Maxine Eskenazi www.cs.cmu.edu/~max
Principal Systems Scientist Tel. 412 268-3858
Language Technologies Institute Fax 412 268-6298
Carnegie Mellon University 1st three letters of my 1st name at 3 initials of the University dot edu
6413 Gates Hillman Complex
5000 Forbes Ave
Pittsburgh, PA 15213 USA
!!! Now available !!!
Eskenazi, M., Levow, G., Meng, H., Parent, G., Suendermann, D., 2013, Crowdsourcing for Speech Processing, Wiley. All proceeds go to the ISCA Student Travel Fund.
I am past chair of the SLaTE special interest group (Speech and Language Technology for Education) of ISCA (International Speech Communication Association) from 2006 to 2011. I am Director of the Dialog Research Center. And in 2013, I was co-chair of SIGDIAL’13.
MY INTERESTS, FROM SOME OF MY PUBLICATIONS:
Understanding the variability of the speech signal.
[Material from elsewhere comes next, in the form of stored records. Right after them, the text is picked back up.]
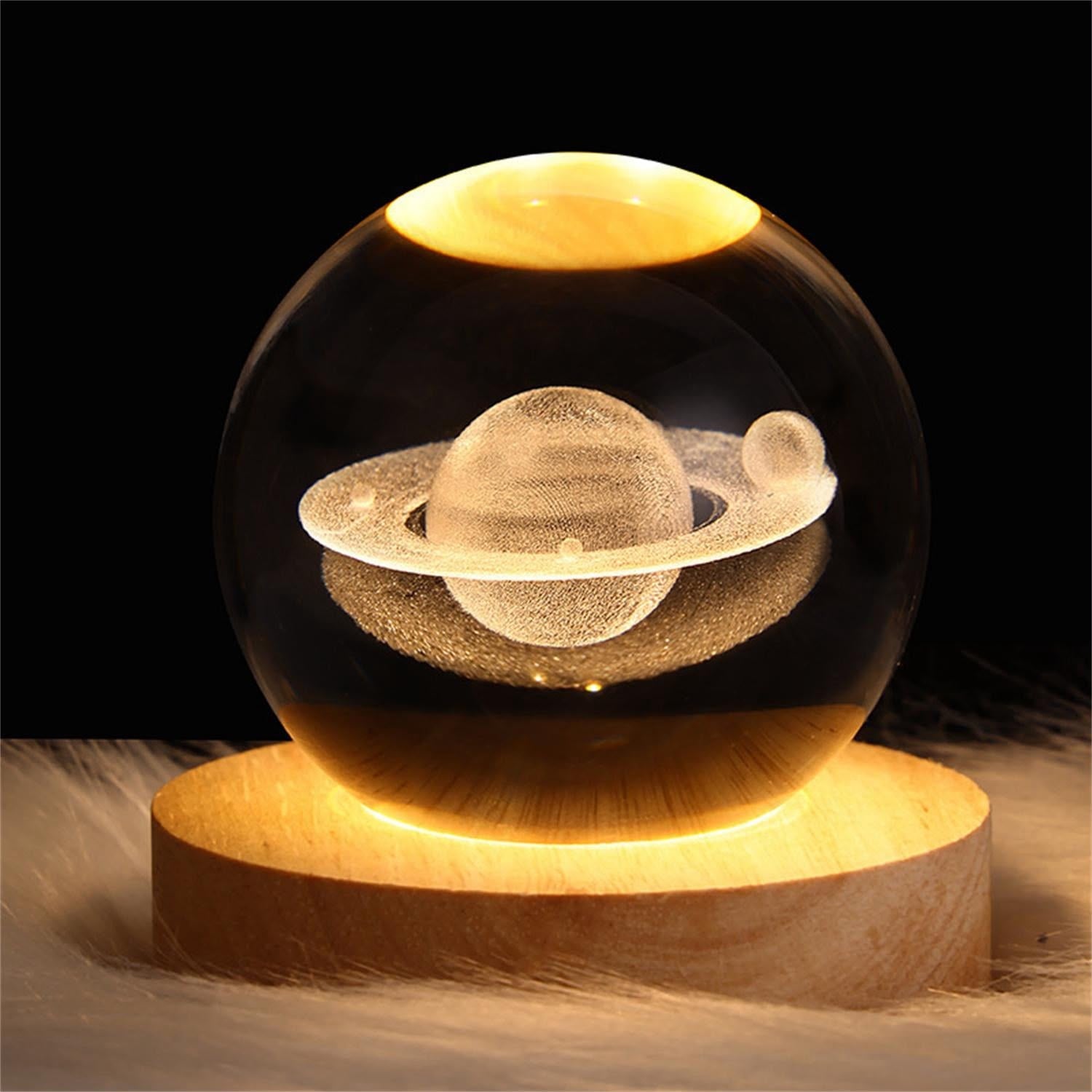 3D Crystal Saturn Planet Night Lamp and Box Packing
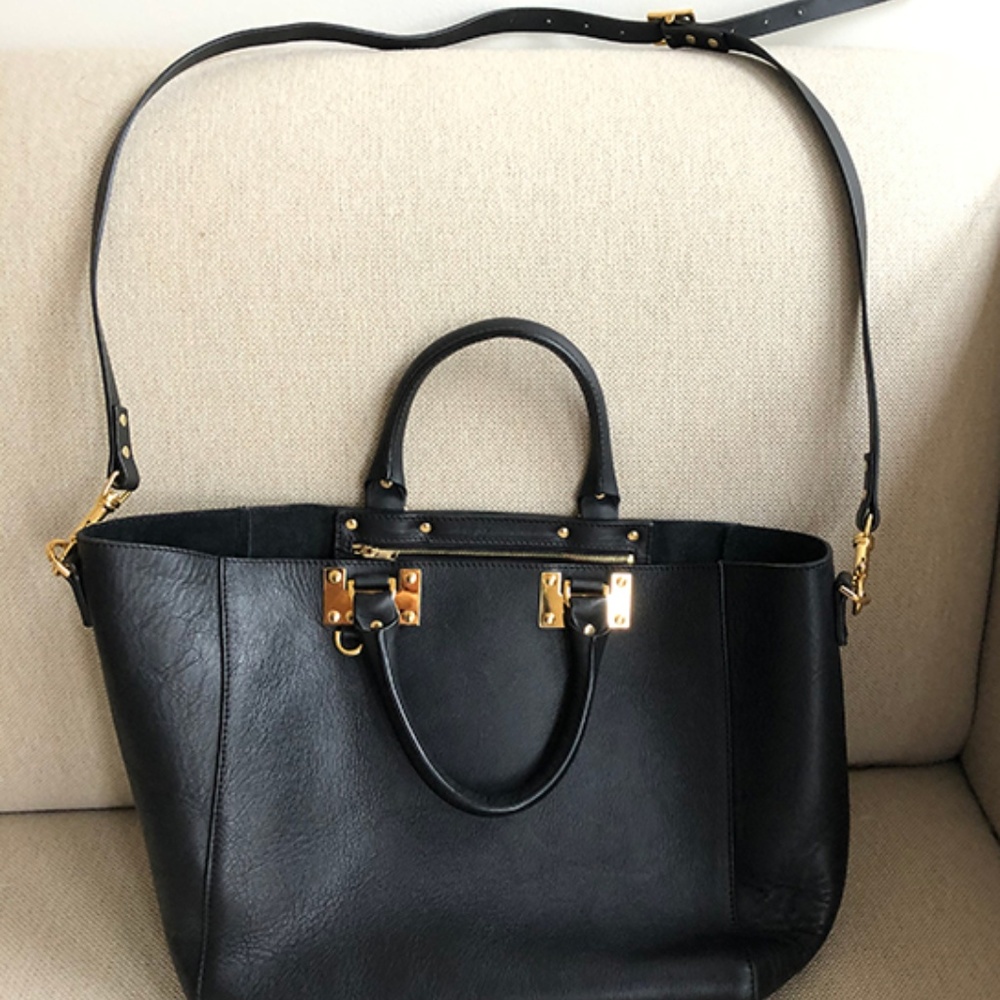 Sophie Hulme London Large Black Leather Tote with dust bag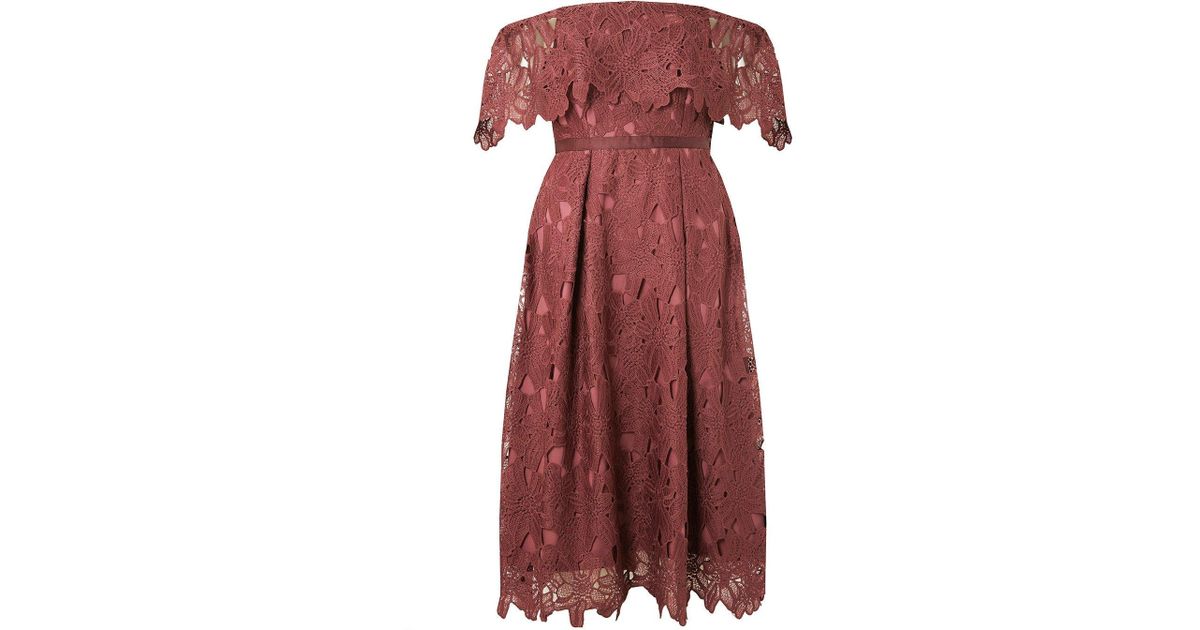 luxe plum lace bardot dress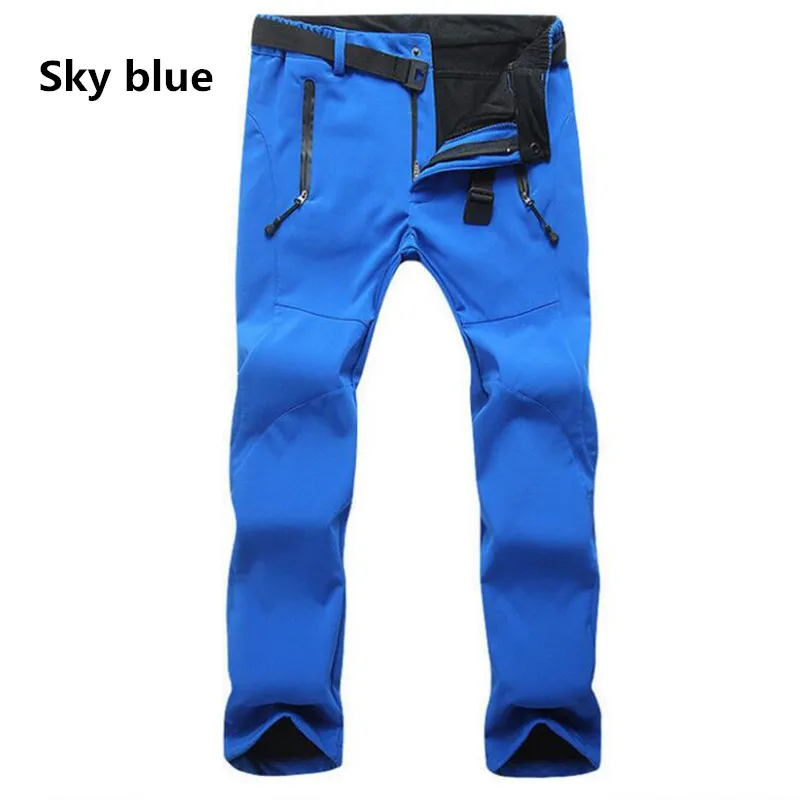 Women\'s outdoor autumn and winter soft shell pants Casual riding warm fleece pants Hiking pants ski waterproof pants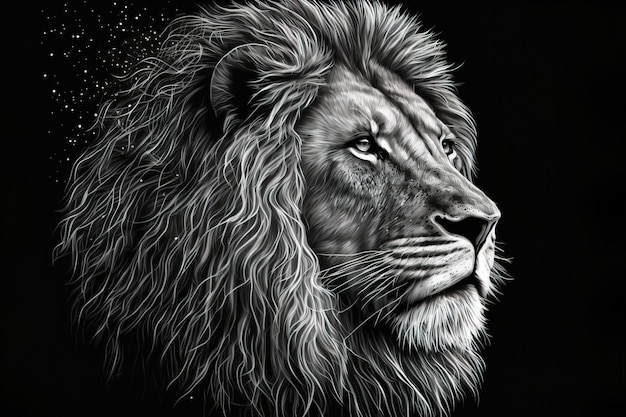 Un disegno in bianco e nero di una testa di leone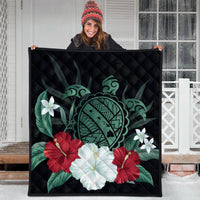 Hawaiian Map Turtle Hibiscus Polynesian Premium Quilts - AH - Polynesian Pride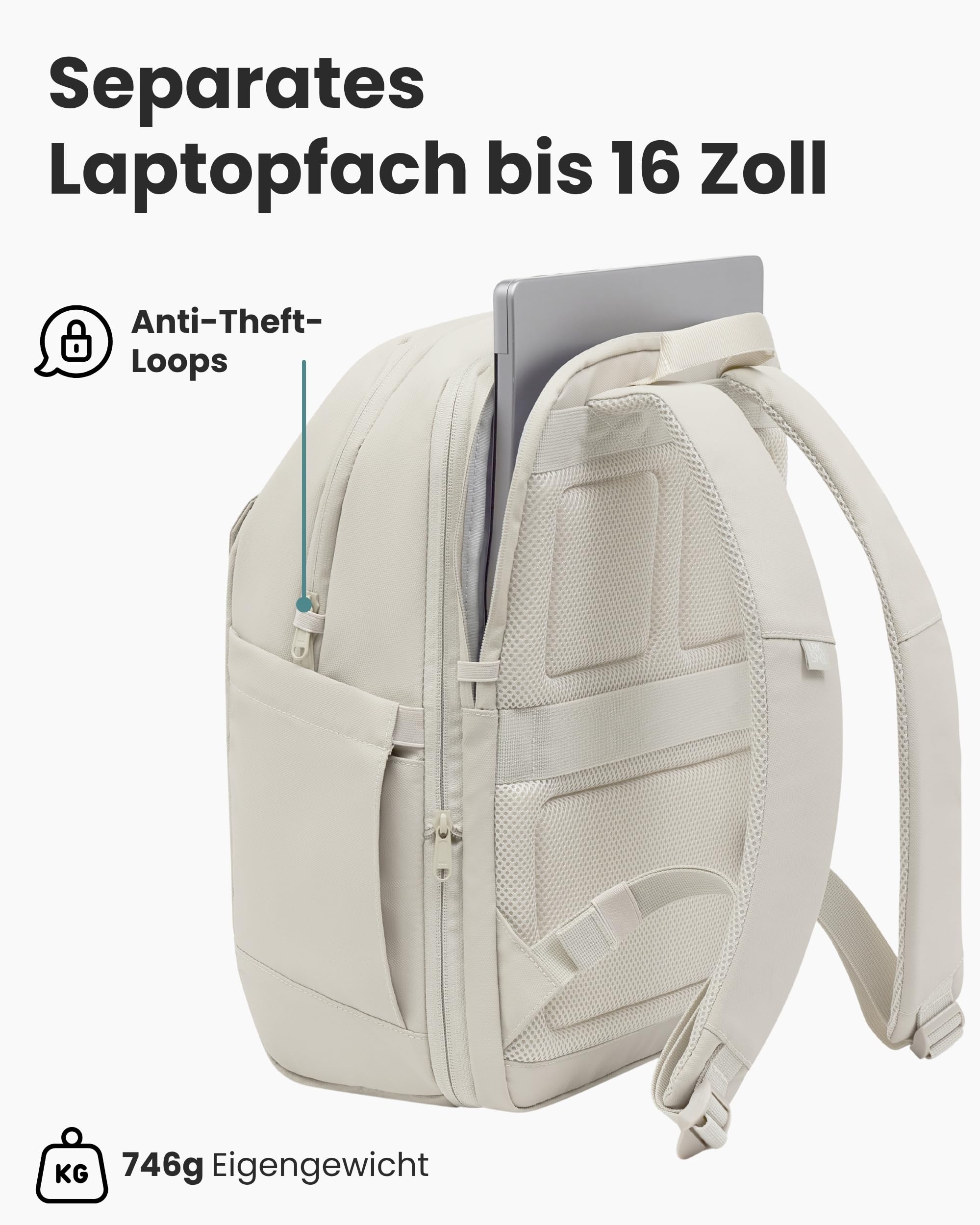 LARKSON Business Laptop Rucksack Herren Beige - Bjarne Small - Kleiner Arbeitsrucksack mit 16 Zoll Laptopfach - Handgepäck mit Anti-Diebstahl-Loops - Wasserabweisend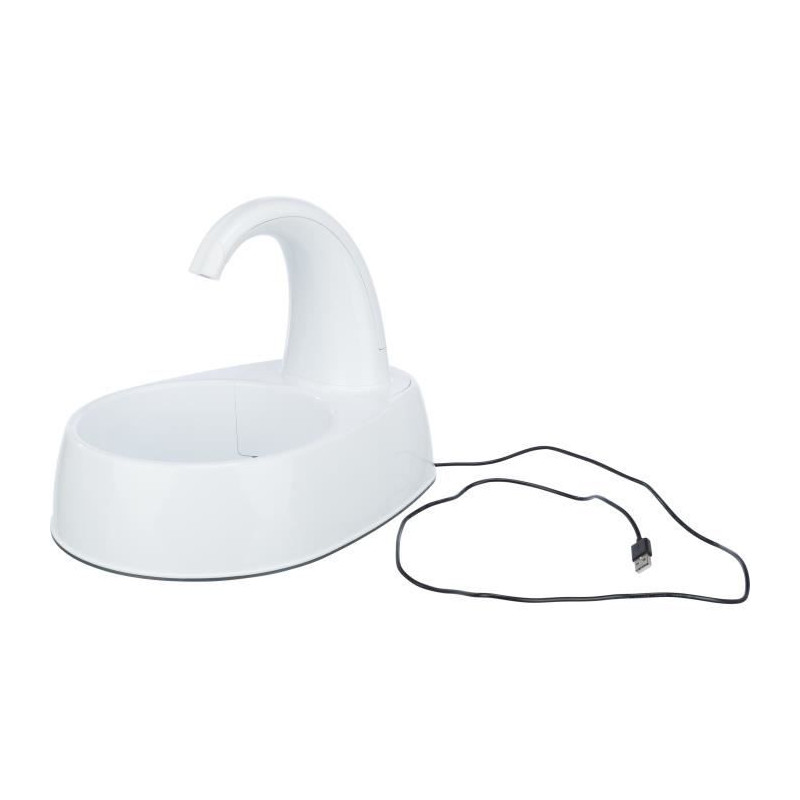 Fontaine a boire TRIXIE Curved Stream - Plastique - 2,5L - 25 × 24,5 × 35 cm - Blanc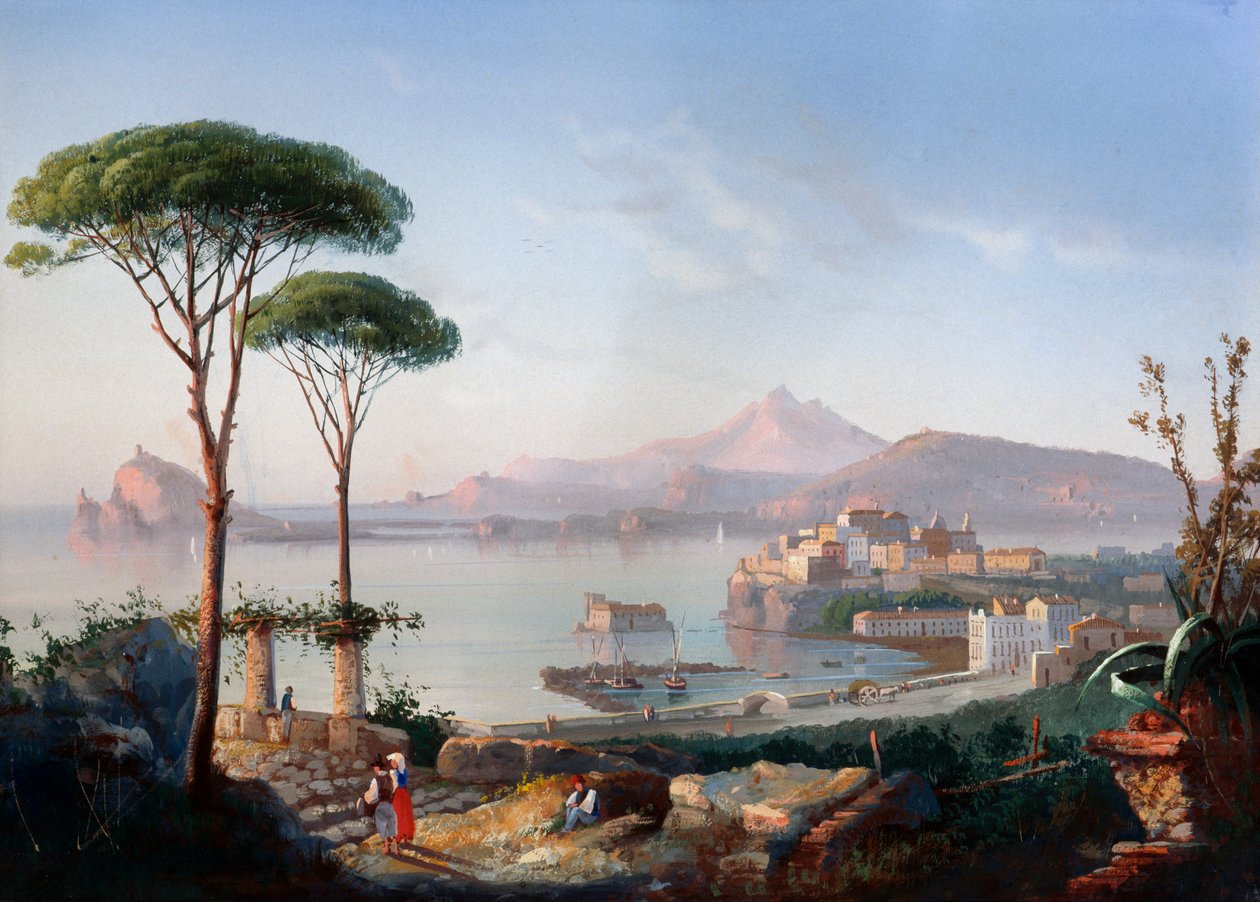 Utsikt over Pozzuolibukten med Capo Miseno og Ischia i bakgrunnen (gouache) av Gioacchino La Pira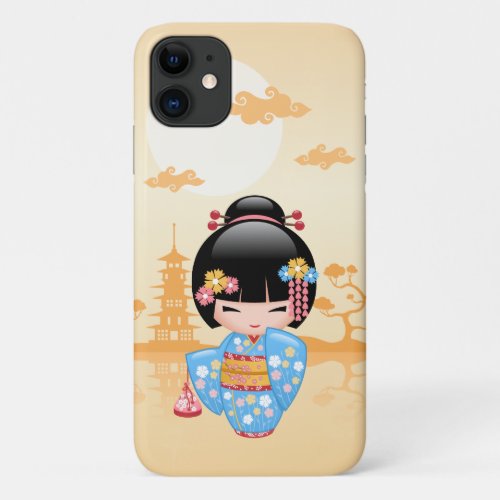 Maiko Kokeshi Doll _ Cute Japanese Geisha Girl iPhone 11 Case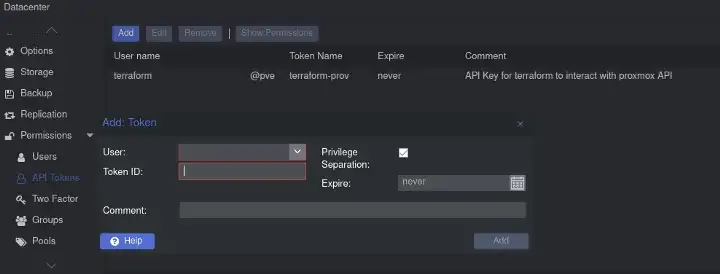 Proxmox Web UI : Add API Token Popup Window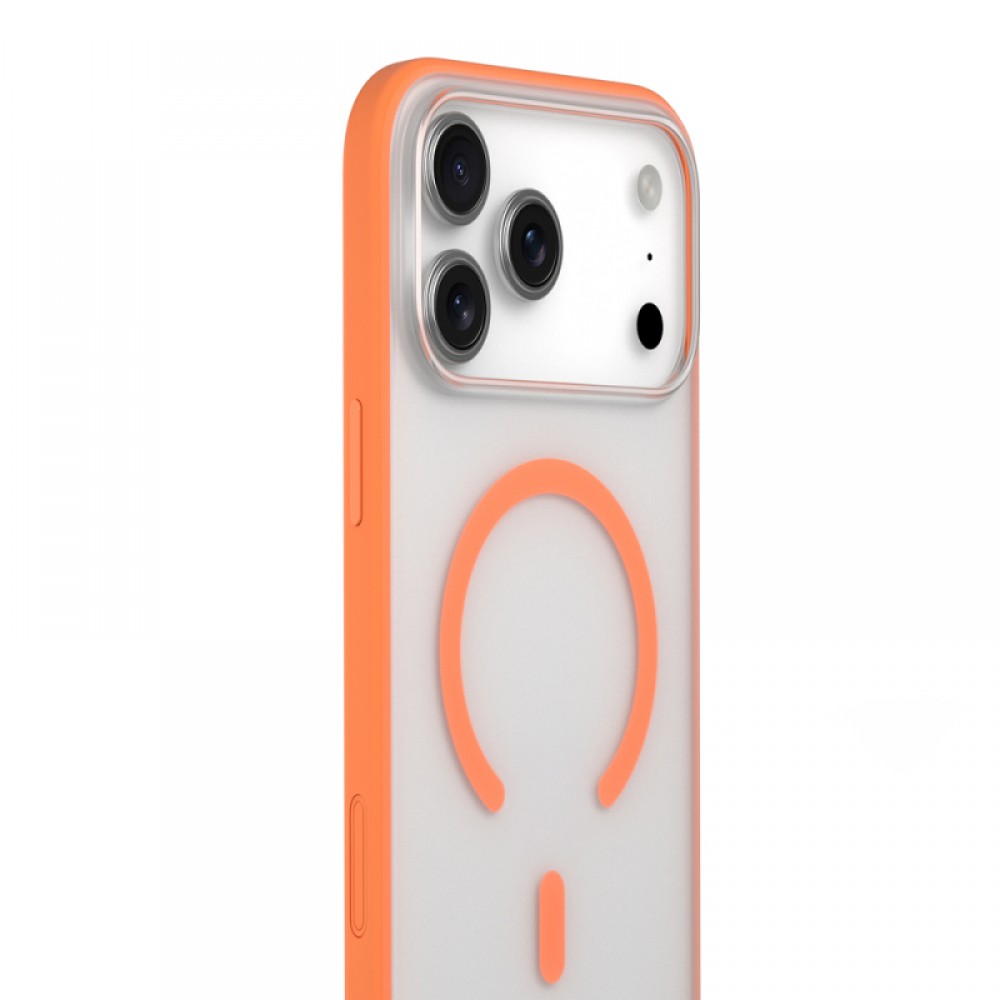 iPhone 17 Pro Max MagSafe uyumlu Youngkit Clear serisi şeffaf mat arka yüzeyli renkli çerçeveli telefon kılıfı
Creating automatic systems (using spoken dialogue architectures, automatic speech recognition and synthesis) that benefit from this knowledge and that in turn provide a real benefit to end users. This endeavor implies studying groups of speakers, input conditions, styles of speech and detecting the acoustic and upper-level indices that are indicative of these variants. End benefits may include language learning and information giving and gathering.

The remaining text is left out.